Chapter Thirty-Seven: Riverbanks

Editor’s Note: Jeremy the Fisherman passed away before I had a chance to know him, but my dad knew him. Drinking buddies. I should mention my dad was a reporter for the Vine Bulletin. Mom worked the fact-checking desk, and honestly, she was the one who taught me to look between the lines of verifiable truth. Anyway, most of Dad’s work tapes are gone, taped over or thrown away (“go to the library and read my archives” Dad says), but a few survived. This one is Jeremy the Fisherman, monologuing. “I asked him about his parents,” Dad claims. 

In the river there is a ceaseless flowing. The herons had gone away when Josiah received the Revelation of Vine but then herons came back. Blue and saucily unbothered. They were not like hawks, always circling. By the riverbanks grew witch hazel and chokecherry. Proof that occasional flooding was survivable. They would sit on the stump with wind flowing through their long hair. A single strand of hair is weak but hair braided together is strong. Wisdom their mother taught, wisdom she said was even older than Vine. What could be older than Vine? Not much was known. Not much was discussed

Minnows gathered by the rocks, barely beneath the water bugs on the river’s surface. This was the texture of their home, which they knew to be constantly changing. Nothing was static, even the Elders acknowledged that. All this ancient wisdom—the Bible was old, the Book of Vine was old, the wisdom their mother gave them was old. How could the Book of Vine be older than the Revelation of Vine? God’s Word exists outside of time, eternal and true. They could hear the words of the Elders without the Elders present. In the beginning, God made Adam and Eve. In the beginning of Vine, Josiah received the Revelation. The Elders incorporated the town. This land is consecrated. But there were people on the land before it was consecrated, their mother taught them that. God’s wisdom exists outside of time, but there was a before and after to Vine.

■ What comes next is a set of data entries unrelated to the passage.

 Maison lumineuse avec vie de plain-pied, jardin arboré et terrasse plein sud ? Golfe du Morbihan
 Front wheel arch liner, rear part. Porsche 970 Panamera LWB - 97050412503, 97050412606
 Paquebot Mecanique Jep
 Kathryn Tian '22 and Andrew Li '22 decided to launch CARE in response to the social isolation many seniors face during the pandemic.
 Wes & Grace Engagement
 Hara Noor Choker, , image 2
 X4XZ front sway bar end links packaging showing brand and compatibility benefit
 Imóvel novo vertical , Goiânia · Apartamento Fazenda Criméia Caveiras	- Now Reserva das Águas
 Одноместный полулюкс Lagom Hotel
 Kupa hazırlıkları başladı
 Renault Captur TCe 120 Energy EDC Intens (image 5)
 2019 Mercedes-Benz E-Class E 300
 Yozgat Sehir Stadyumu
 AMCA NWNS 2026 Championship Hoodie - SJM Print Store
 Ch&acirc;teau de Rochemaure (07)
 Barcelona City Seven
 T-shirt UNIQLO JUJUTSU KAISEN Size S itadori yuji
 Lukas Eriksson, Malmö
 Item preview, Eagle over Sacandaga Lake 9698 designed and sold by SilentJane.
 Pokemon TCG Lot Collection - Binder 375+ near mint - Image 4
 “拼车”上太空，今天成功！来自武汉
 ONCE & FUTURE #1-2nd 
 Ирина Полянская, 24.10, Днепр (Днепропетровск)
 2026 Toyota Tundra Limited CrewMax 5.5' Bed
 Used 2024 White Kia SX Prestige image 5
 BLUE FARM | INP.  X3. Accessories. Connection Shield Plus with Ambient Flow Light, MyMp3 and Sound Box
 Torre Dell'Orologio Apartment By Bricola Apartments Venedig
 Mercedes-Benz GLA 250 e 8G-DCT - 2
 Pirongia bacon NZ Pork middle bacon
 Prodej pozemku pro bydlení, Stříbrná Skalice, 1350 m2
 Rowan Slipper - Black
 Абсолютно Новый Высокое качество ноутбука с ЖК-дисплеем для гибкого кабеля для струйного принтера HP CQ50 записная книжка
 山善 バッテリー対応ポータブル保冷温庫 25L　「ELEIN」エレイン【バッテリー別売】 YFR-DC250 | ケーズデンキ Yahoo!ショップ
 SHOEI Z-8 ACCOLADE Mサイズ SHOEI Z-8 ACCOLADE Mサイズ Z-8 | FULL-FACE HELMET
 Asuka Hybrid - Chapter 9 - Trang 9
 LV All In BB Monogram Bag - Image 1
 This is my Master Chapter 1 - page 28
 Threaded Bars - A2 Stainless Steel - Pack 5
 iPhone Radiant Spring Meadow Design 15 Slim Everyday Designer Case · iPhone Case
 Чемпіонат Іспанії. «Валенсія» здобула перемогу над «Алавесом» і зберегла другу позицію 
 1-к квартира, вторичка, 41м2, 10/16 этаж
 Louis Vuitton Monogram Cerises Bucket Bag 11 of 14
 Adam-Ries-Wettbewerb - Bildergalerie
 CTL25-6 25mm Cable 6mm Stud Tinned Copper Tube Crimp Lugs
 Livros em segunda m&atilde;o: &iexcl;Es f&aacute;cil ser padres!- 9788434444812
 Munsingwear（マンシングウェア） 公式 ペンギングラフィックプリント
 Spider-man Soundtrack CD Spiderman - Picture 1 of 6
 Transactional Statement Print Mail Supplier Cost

The minnows swam away. They realized they did not know exactly the river’s endpoint. Beyond the bald, beyond the heron’s rocky perch, beyond the borders where the outside world exists. In their wrists was blood from before and during. Their mother taught them that. Their father would be reading after work. Reading in his chair—a place for contemplating the mysteries of the Lord, like their stump by the chokecherry and witch hazel. Their father would be reading from the Book of Vine. And yet the river was ceaseless.